## [Exercise brief]
Copy every entry below exactly as it appears, leaving out the images.

====== The data ======

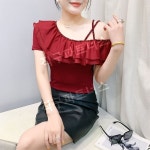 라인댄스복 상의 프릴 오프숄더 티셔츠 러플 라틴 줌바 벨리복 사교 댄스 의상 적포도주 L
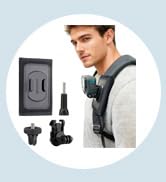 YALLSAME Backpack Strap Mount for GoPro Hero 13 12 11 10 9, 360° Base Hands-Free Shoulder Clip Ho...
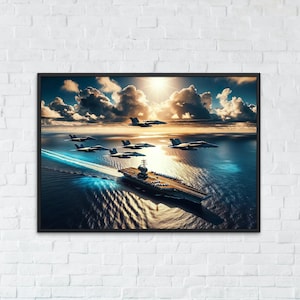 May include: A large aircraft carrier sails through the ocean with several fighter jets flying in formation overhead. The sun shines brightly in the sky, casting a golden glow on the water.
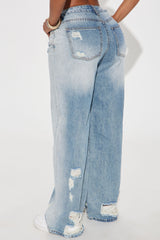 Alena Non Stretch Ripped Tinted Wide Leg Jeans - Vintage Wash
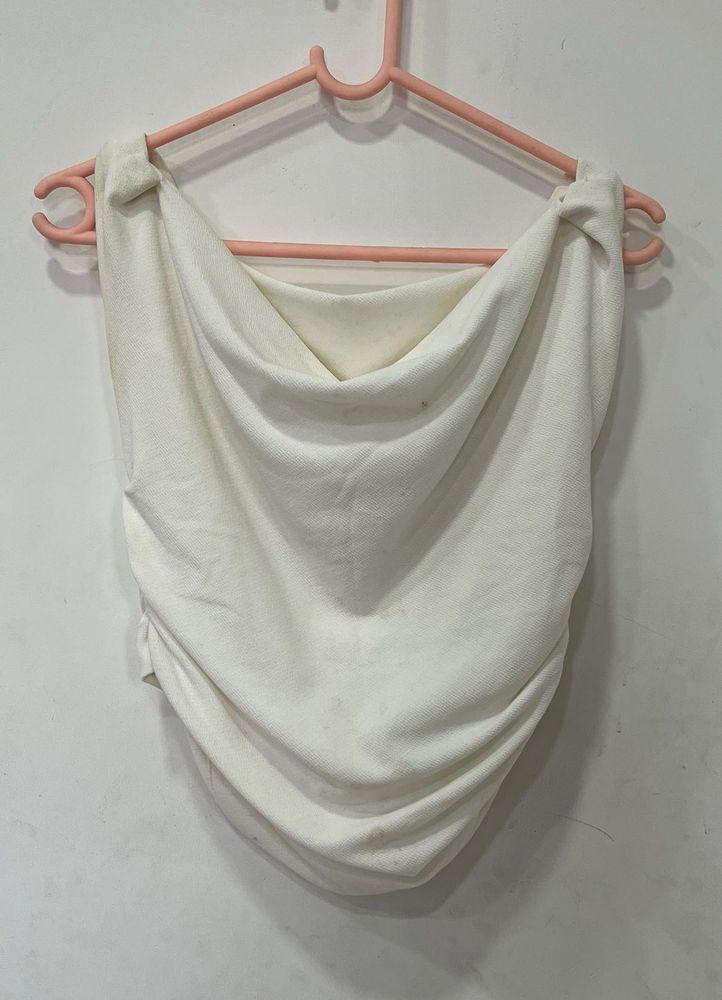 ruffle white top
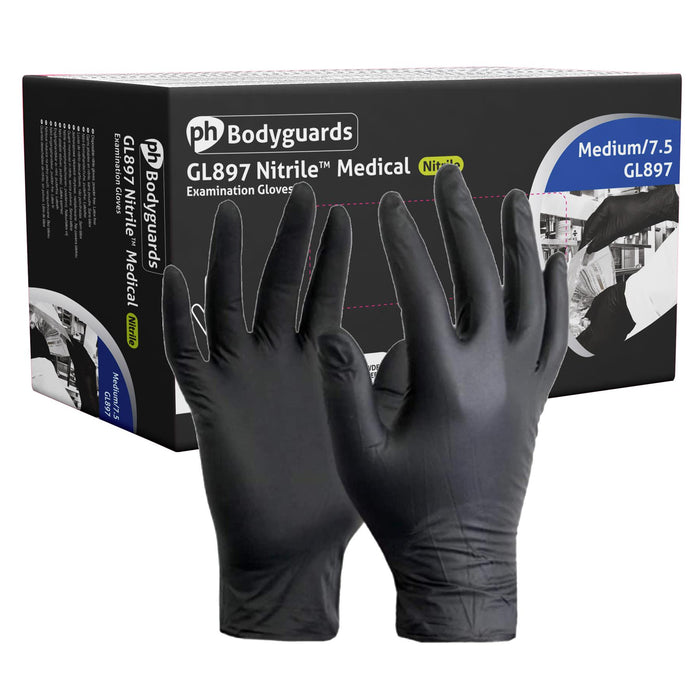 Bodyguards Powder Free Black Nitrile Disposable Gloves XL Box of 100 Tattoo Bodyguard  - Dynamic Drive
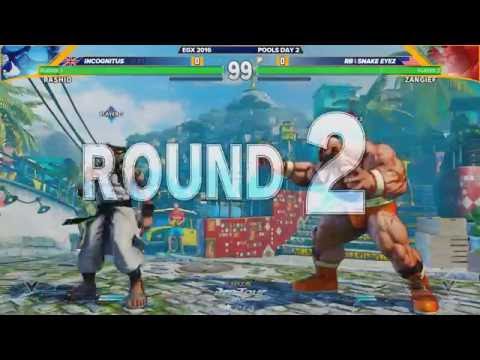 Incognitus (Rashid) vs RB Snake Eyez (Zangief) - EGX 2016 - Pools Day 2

======

## [Finished task]
 라인댄스복 상의 프릴 오프숄더 티셔츠 러플 라틴 줌바 벨리복 사교 댄스 의상 적포도주 L
 YALLSAME Backpack Strap Mount for GoPro Hero 13 12 11 10 9, 360° Base Hands-Free Shoulder Clip Ho...
 May include: A large aircraft carrier sails through the ocean with several fighter jets flying in formation overhead. The sun shines brightly in the sky, casting a golden glow on the water.
 Alena Non Stretch Ripped Tinted Wide Leg Jeans - Vintage Wash
 ruffle white top
 Bodyguards Powder Free Black Nitrile Disposable Gloves XL Box of 100 Tattoo Bodyguard  - Dynamic Drive
 Incognitus (Rashid) vs RB Snake Eyez (Zangief) - EGX 2016 - Pools Day 2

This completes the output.